Werner C, Beck L, Bender H G, Greuel H, Mannherz K H, Potthoff S, Schuck U
Geburtshilfe Frauenheilkd. 1977 Jul;37(7):566-71.
Follow-up examinations were carried out in 60 women who underwent a reduction mammoplasty. Their review concentrated on the questions of the frequency of postoperative complications, the possibility to avoid complications by a modification of the technique and the question of mammographic evaluation of the breast in the face of scars from the mammoplasty. There were 12 severe complications. There were 6 necroses of the nipples, there were 3 abscesses, there were 2 suture fistulas and there was one case of massive hematoma. The complications depend on the amount of tissue resected. Especially necroses of the nipples depend upon the amount of tissue resected. With increasing experience of the surgeon, the nipple is moved without tension by lateral division of tissues and omission of resection of tissue above the nipple. This reduces the risk of necrosis of the nipple. Ugly scars are avoided by additional subcutaneous dexon double O sutures and additional subcuticular structures. Prolonged immobilization and later removal of the sutures help to obtain fine scars. A comparison of the preoperative and postoperative mammographies showed that 78% of the X-rays could be evaluated for carcinoma more readily postoperatively than before. For the differential diagnosis to scars from the operative, a preoperative and postoperative mammogram is necessary for comparison.
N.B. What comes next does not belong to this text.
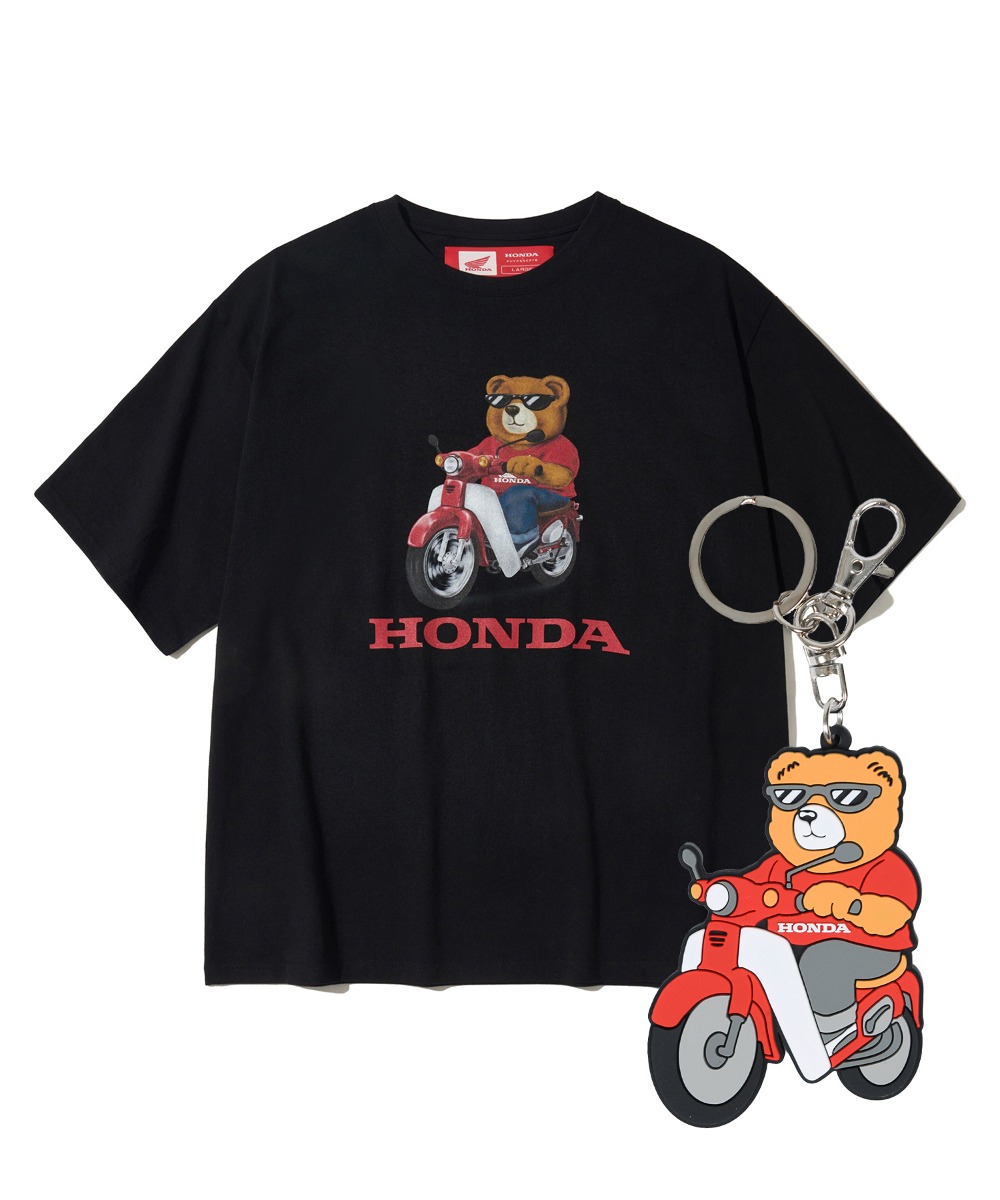 Honda Bear T-shirt Black + Key ring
对60例行乳房缩小成形术的女性进行了随访检查。她们的复查集中在术后并发症的发生率、通过技术改良避免并发症的可能性以及乳房成形术瘢痕情况下乳房钼靶评估的问题上。有12例严重并发症。其中乳头坏死6例,脓肿3例,缝线瘘2例,大面积血肿1例。并发症取决于切除组织的量。特别是乳头坏死取决于切除组织的量。随着外科医生经验的增加,通过侧向组织分离和不切除乳头上方组织,乳头可无张力移动。这降低了乳头坏死的风险。通过额外的皮下可吸收双O缝线和额外的皮下结构可避免难看的瘢痕。延长固定时间并随后拆除缝线有助于获得良好的瘢痕。术前和术后乳房钼靶检查的比较显示,78%的X线片术后比术前更容易对癌症进行评估。为了与手术瘢痕进行鉴别诊断,术前和术后乳房钼靶检查进行比较是必要的。